# TRY IT
Copy nothing from the entries below except the lines from the one containing "平和屋着物▽上質な小紋　単衣　格子　正絹　逸品　AABH5684jh" through the one containing "18K Gold PVD", and copy those exactly.
*** Opening GIVEN RECORDS ***
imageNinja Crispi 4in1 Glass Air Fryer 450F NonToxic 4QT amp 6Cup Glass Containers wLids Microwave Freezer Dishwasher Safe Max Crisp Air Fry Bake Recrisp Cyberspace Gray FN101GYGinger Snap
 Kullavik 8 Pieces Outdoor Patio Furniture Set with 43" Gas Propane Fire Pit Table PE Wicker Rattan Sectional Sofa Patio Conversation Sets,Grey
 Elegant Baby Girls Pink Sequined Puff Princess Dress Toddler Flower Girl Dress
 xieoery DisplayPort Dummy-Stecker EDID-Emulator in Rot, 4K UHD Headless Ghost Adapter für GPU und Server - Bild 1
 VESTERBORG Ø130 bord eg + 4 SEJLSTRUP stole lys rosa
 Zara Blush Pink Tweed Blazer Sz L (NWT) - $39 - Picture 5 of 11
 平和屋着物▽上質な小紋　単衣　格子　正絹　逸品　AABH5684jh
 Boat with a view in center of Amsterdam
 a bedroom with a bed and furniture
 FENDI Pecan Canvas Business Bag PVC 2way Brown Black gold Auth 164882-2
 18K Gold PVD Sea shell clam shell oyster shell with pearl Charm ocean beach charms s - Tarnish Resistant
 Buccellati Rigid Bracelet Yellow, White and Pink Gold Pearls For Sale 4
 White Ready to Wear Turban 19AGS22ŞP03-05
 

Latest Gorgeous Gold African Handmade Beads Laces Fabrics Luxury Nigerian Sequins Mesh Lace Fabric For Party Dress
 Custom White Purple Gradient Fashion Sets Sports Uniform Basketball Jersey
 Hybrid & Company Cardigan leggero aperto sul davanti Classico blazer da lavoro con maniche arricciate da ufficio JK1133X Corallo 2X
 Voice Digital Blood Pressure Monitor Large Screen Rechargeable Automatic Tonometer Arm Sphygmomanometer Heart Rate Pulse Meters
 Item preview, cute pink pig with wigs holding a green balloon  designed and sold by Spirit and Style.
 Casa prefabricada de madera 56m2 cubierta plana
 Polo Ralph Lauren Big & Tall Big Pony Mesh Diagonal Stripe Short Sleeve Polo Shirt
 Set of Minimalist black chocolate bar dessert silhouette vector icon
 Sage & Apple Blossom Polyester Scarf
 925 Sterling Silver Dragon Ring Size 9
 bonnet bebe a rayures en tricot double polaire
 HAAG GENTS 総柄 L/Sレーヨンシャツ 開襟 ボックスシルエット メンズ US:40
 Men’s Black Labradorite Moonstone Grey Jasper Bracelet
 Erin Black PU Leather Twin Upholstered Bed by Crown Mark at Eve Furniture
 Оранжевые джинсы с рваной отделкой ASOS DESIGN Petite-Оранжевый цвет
*** Closing GIVEN RECORDS ***
# THE ANSWER
 平和屋着物▽上質な小紋　単衣　格子　正絹　逸品　AABH5684jh
 Boat with a view in center of Amsterdam
 a bedroom with a bed and furniture
 FENDI Pecan Canvas Business Bag PVC 2way Brown Black gold Auth 164882-2
 18K Gold PVD Sea shell clam shell oyster shell with pearl Charm ocean beach charms s - Tarnish Resistant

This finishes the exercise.